A foundational course in most philosophy programs is “Critical Thinking,” and the lessons it imparts can be applied to all endeavours and academic pursuits. Of course, this includes writing.
Critical thinking is all about learning to ignore your gut instincts and understand why you believe the things you do. Troublingly, cognitive biases and fallacies inform much of our decision making. This is an issue because these thought processes are not based in logic but on subjective experience, meaning we aren’t really working with all the information necessary to make the best decision. When these skewed beliefs enter your writing, you may end up turning off readers through plot or logic holes, or unbelievable claims and characterisation.
The only way to avoid these pitfalls of human emotion is to recognise them first. To help keep your writing as focussed and direct as possible, we’ve listed a few of the most common fallacies and cognitive biases you may be at risk of falling victim to.
At their core, fallacies are incorrect logical or rhetorical arguments. There are a variety of ways an argument’s logic can be undermined, but the some of the most common are:
This is an anecdotal fallacy, which means applying universally a lesson from personal experience. For example, just because you fell and hurt yourself while trying to skateboard it does not follow that all people will get hurt if they try out the sport.
Appeal to Probability
Assuming an absolute truth based on a likely (or even remotely possible) outcome constitutes an appeal to probability. Murphy’s Law is a great example of this. In reality, just because something could go wrong, it does not necessarily mean that it absolutely will go wrong.

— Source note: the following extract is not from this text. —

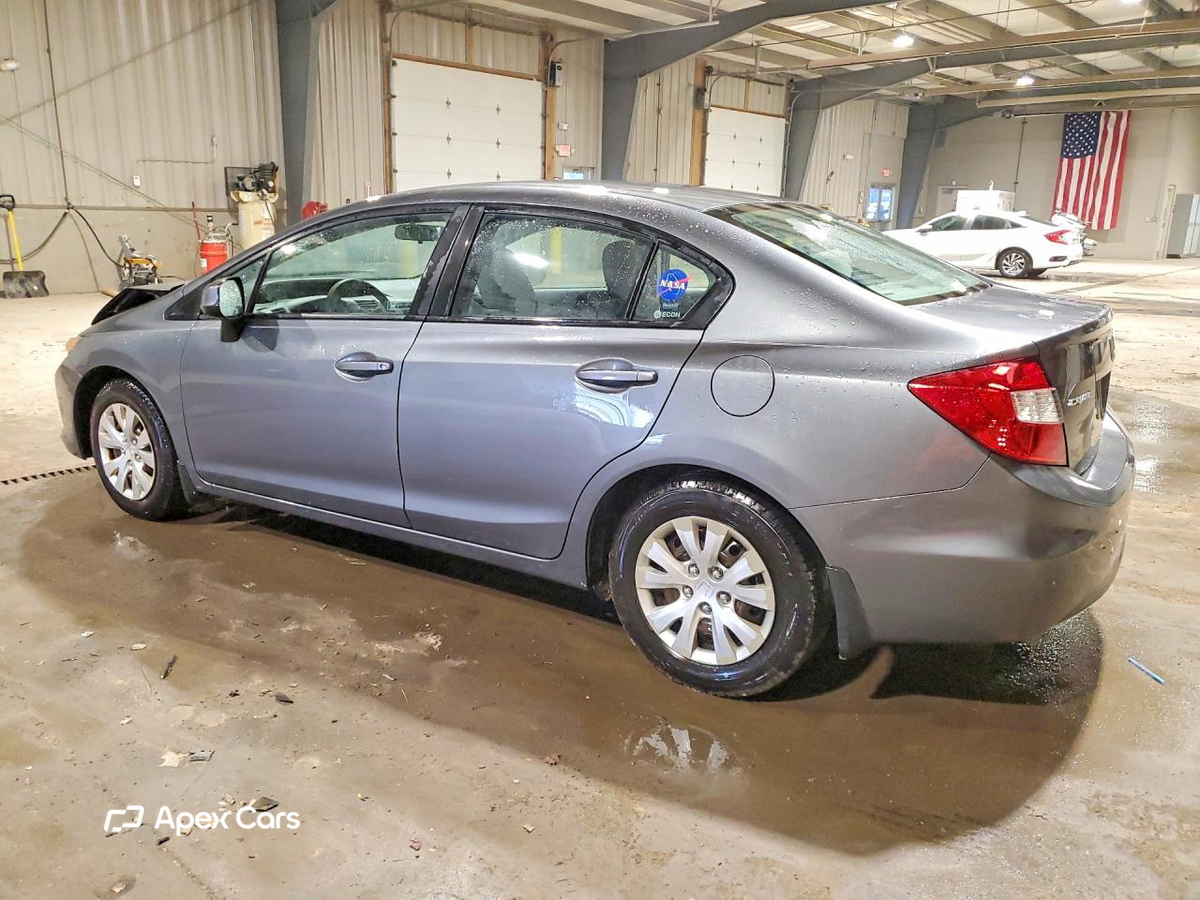 Honda Civic 2012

This is the type of problematic argument at the basis of many faulty scientific studies. If you leave open too many variables, you cannot assume the outcome, and yet with this type of “logic” that is exactly what the argument-maker is attempting to do. A proper syllogistic statement would be this famous example defined by Artistotle: “All men are mortal. Socrates is a man. Therefore, Socrates is mortal.” The first two statements are absolute truths: the first is a general statement and the second a specific one based upon the first premise. In this way, the third part (the conclusion) directly follows and is, of course, logically correct.
A syllogistic fallacy occurs when one or both of the first two premises are incorrect or illogical, or if they do not directly follow. For example: “All men are mortal. A whale is not a man. Therefore, a whale is immortal.”
Argumentum ad Lapidem
The above fallacies can be proven and so, if you use them in concocting an argument, someone can (and will) rightly call you out for it being untrue. An argumentum ad lapidem (“to the stone”), on the other hand, is the dismissing of a claim as ridiculous without being able to prove the absurdity. So beware, if you are going to claim that something is unreal or unbelievable, you had better be ready to prove it!

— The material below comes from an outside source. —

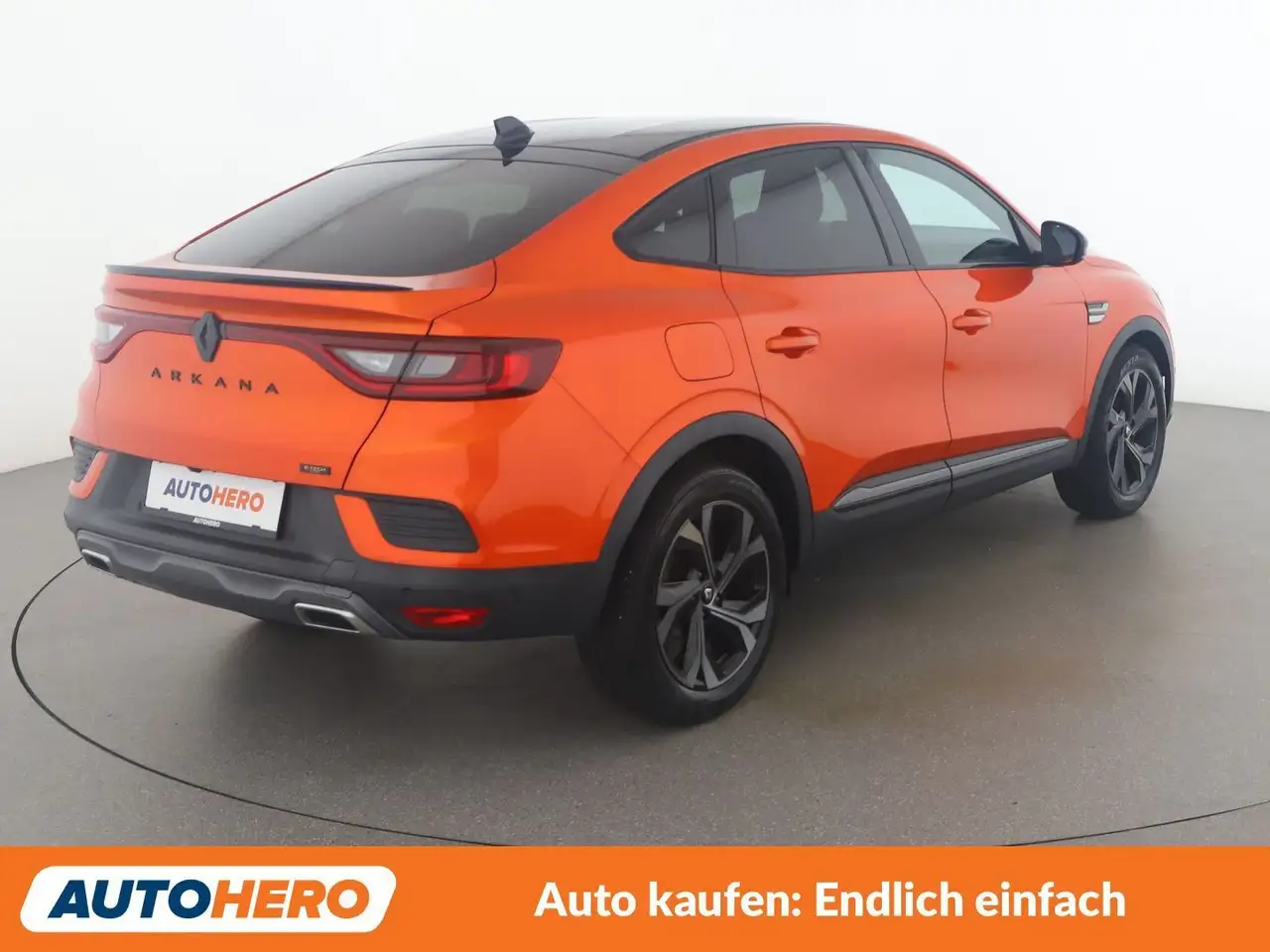 Renault Arkana 1.6 Hybrid E-Tech Engineered, миниатюра 6
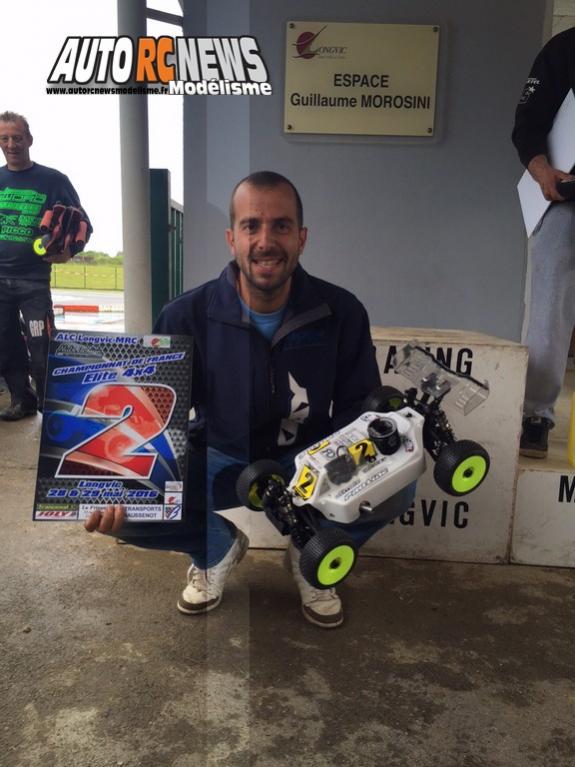 3ème cf tt 1/8 élite à longvic club mrcl les 28 et 29 mai 2016.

Cognitive biases are kind of like misleading vividness fallacies taken to the extreme. They represent certain ways of thinking that can lead to deviations from a standard of rationality or good judgment, and are more often studied in psychology and behavioral economics than philosophy. These can involve common issues like stereotypes and the hindsight bias, as well as some really surprising tricks your mind may be playing on you. Wikipedia has a compiled an excellent list of cognitive biases you can check out, but we’ve pulled out a few of our favourites below:
When done on purpose, as in Winnie the Pooh or The Lion, the Witch and the Wardrobe, giving animals human characteristics can be a delight. However, if you are writing a story with “real” animal characters and assume human instinct and emotion would guide them, you will find yourself misrepresenting the animal world.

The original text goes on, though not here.